Maybe this is a difference between someone totally focused on feel and experience versus pure computer science.

3 comments

You missed the story and the history, and who knew what.

Many of the GUI ideas had been around in the ARPA community before Parc, including scrolling. The bit-map display on the Alto brought a few more possibilities -- such as the overlapping windows, and "display any image". We had done both smooth scrolling and outlined text selection years before (remember that

Steve's visit was in the 6th year of the Alto working). We used the line by line scrolling in Smalltalk in '79 in part because it was easier to read during the movement, and because a list would always show the whole top line). There was plenty of compute power to do either.

What Steve was reacting against is the normal way we portray selections today, namely highlighting (not at all what you said above). We found the highlighted selection to be more discernable than the outline.

I think this is a case where you didn't take the trouble to find out the facts and are instead projecting your beliefs on a situation at which you weren't present. I'm calling you on because there is much too much of this kind of commentary in most forums.

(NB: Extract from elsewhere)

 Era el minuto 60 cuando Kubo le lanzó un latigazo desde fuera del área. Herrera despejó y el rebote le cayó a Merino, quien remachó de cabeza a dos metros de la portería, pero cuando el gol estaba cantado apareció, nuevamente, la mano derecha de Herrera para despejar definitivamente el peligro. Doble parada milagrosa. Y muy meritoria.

I haven't seen many systems that use an outline for selection. Alan indicated that their original version inverted the selection (he uses the word "complement") as do most systems today.
Thank you, I believe I misunderstood the article's description of the change he was talking about.
most systems today use highlight.
... of which "inverting the text" is an implementation
Based on Alan's answer and Alan's reading/knowledge of Steve Jobs, Steve's questions were just more ad libbed challenges to try to appear to be the alpha smart person in the room.